Initially established in 1924 and later revitalized under the leadership of Professor Ian McHarg in the 1960s, the Department of Landscape Architecture and Regional Planning is recognized around the world for its pioneering contributions to ecological planning and design. Today, the Department advances this legacy through its commitment to innovative design as informed by ecology, the history of ideas, techniques of construction, new media, and contemporary urbanism. The work of both faculty and students reflects the ambitious character of the Department, and continues to be deeply influential internationally. Rapidly changing social and cultural conditions around the world require that future professionals will be able to respond with new concepts, forms and methods of realizing projects, and it is to the global future that we look.
The diversity of the profession of landscape architecture is well represented at Penn. Students are introduced both to the varied scales of practice (from gardens and small urban parks to larger territories such as city sectors, brownfields, and regional watersheds) and to its broad scope (from formal and material issues to techniques of reclamation, management, and communication). These concerns are most developed in the design studios, where students are encouraged to explore and expand their own creativity while learning the necessary conceptual, visual and technical skills to properly develop their work. Seminars and workshops in history and theory, technology (ecology, horticulture, earthwork, construction, and project management), and visual and digital media further complement this work. Advanced, speculative and/or independent work takes place in the final year of study, where students may choose from a wide array of offerings across the School.
The faculty is internationally distinguished and provides expertise in design, urbanism, representation, technology, and history and theory. In addition, leading practitioners and theorists around the world are invited to lecture, run seminars, or teach advanced studios.
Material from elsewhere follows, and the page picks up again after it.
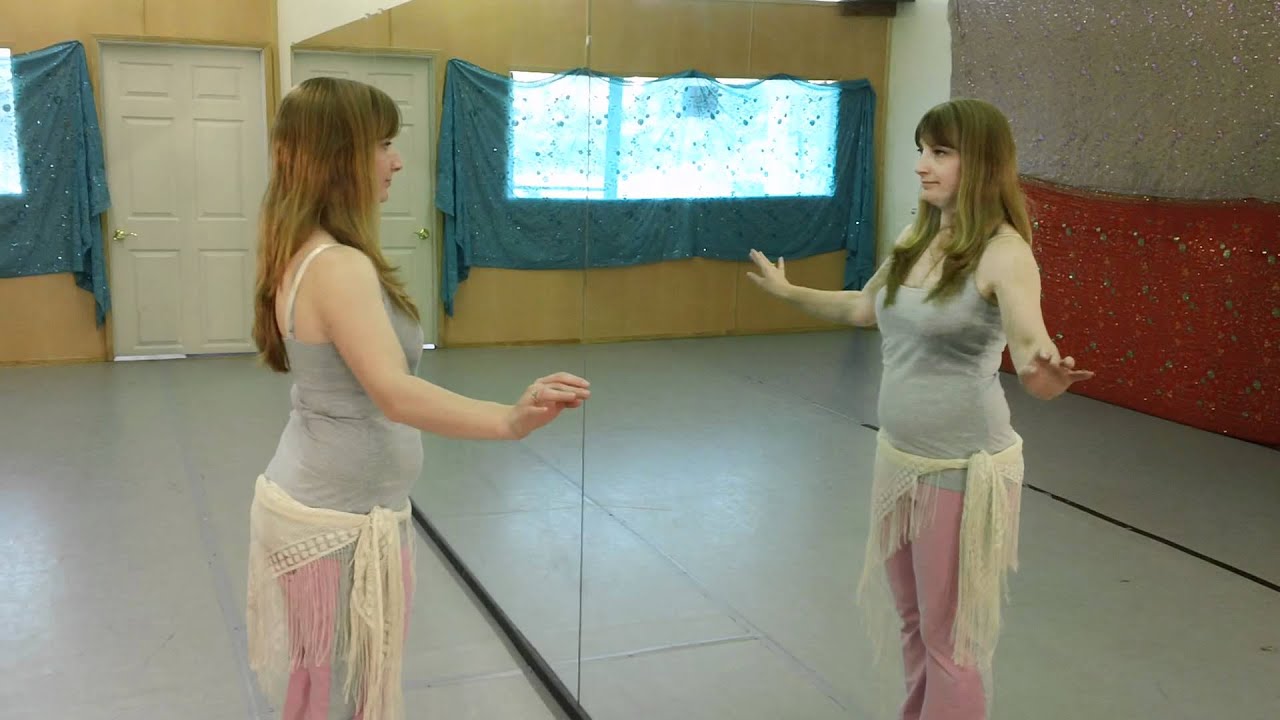 Video of Beginning Belly Dancing With Talia -  Lesson # 24 A Shoulder Shimmy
Together with very strong links to the other departments in the School—and especially to the Department of Architecture - the Department is exceptionally well served by talented and committed teachers, each a major authority in the field.
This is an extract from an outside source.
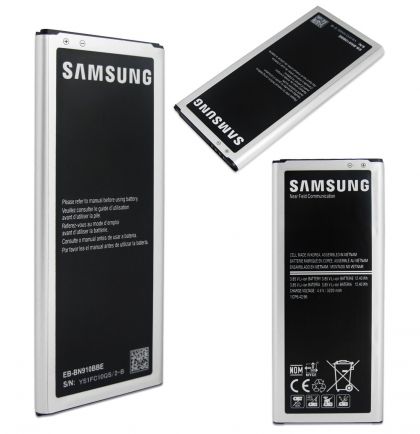 акумулятор +nfc samsung n910 galaxy note 4 [original] 12 міс. гарантії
The Department offers two primary courses of study leading to a professionally accredited Master of Landscape Architecture (MLA). The first professional degree program is three years in length and is designed for students with an undergraduate degree in a field other than landscape architecture or architecture. The second professional degree is two years in length and is designed for those who already hold an accredited bachelors degree in either landscape architecture or architecture. Students may be admitted with advanced standing into either of these programs depending upon their respective backgrounds. Dual degree programs with architecture (MLA/MARCH), city planning (MLA/MCP), or fine arts (MLA/MFA) are also available. All of the above named degrees may be combined with certificate programs in Historic Preservation, Urban Design, or Real Estate and Development. The Department also offers a Certificate in Landscape Studies, designed for students who may wish to augment or focus their prior work through research into landscape topics.